**Assignment:**
Would you retype the whole listing verbatim, keeping pictures out of it?

**Material provided:**

####

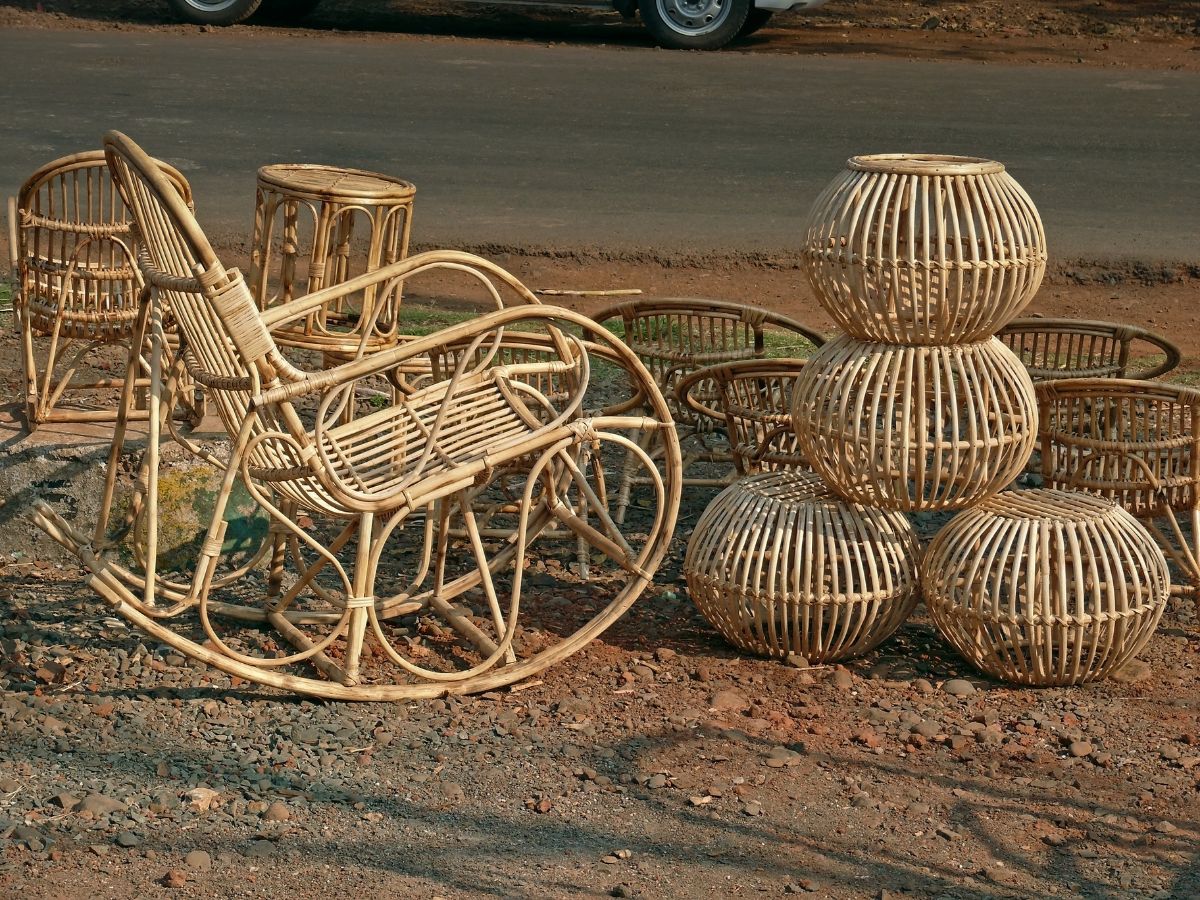 Let the rattan furniture dry out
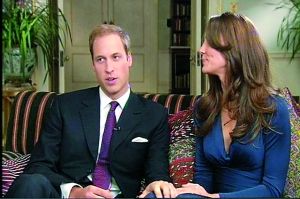宣布订婚后，两人接受电视采访，威廉左手习惯性扶着凯特膝盖，这是一种给予支持的有效心理暗示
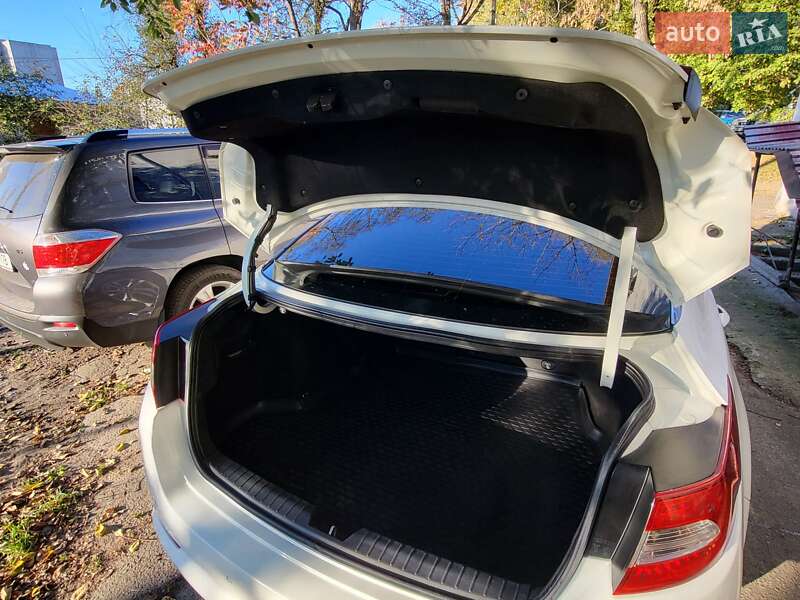 Седан Kia Optima 2011 в Житомире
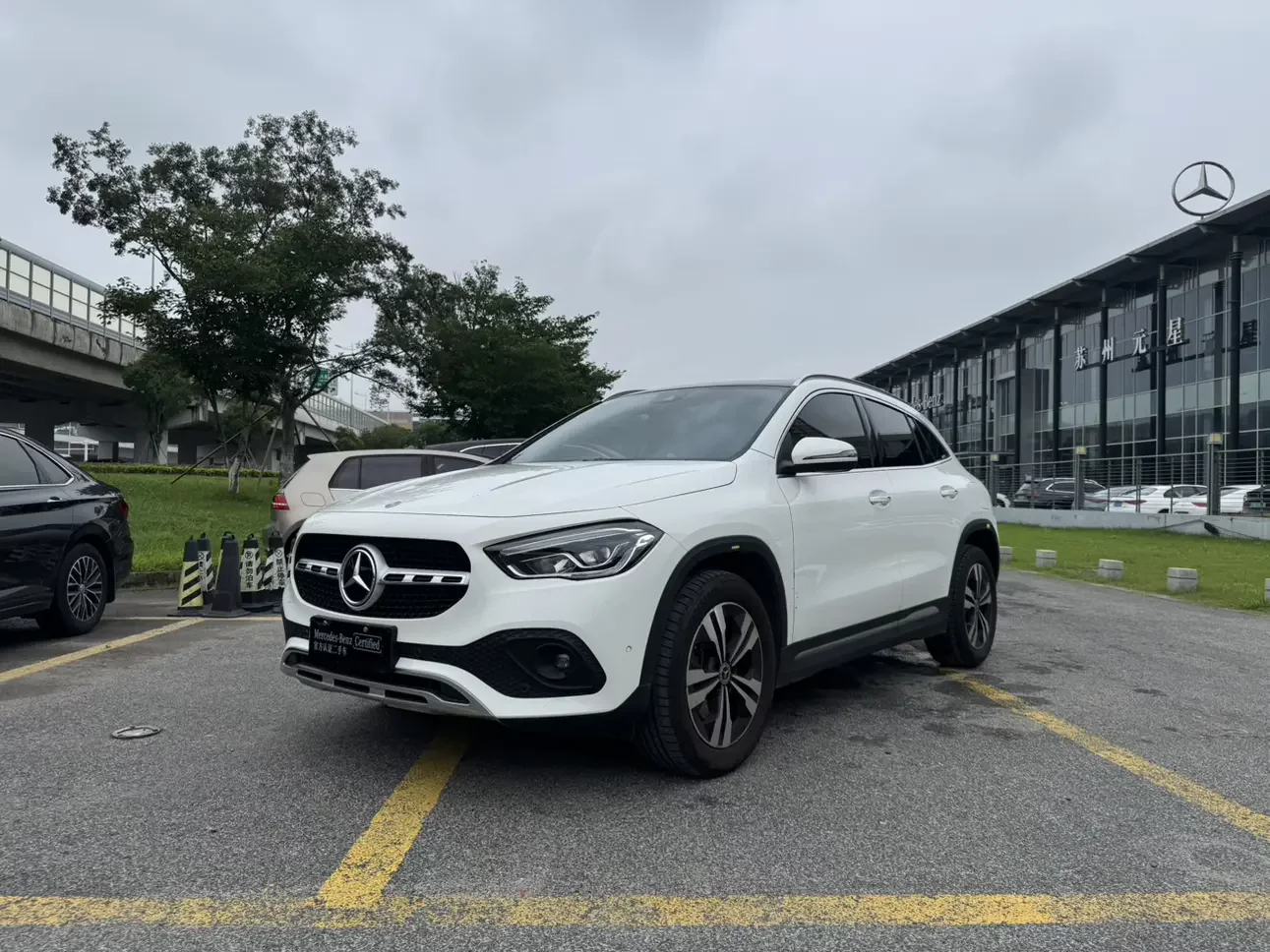 Mercedes-Benz GLA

####

**Answer for the task:**
 Let the rattan furniture dry out
宣布订婚后，两人接受电视采访，威廉左手习惯性扶着凯特膝盖，这是一种给予支持的有效心理暗示
 Седан Kia Optima 2011 в Житомире
 Mercedes-Benz GLA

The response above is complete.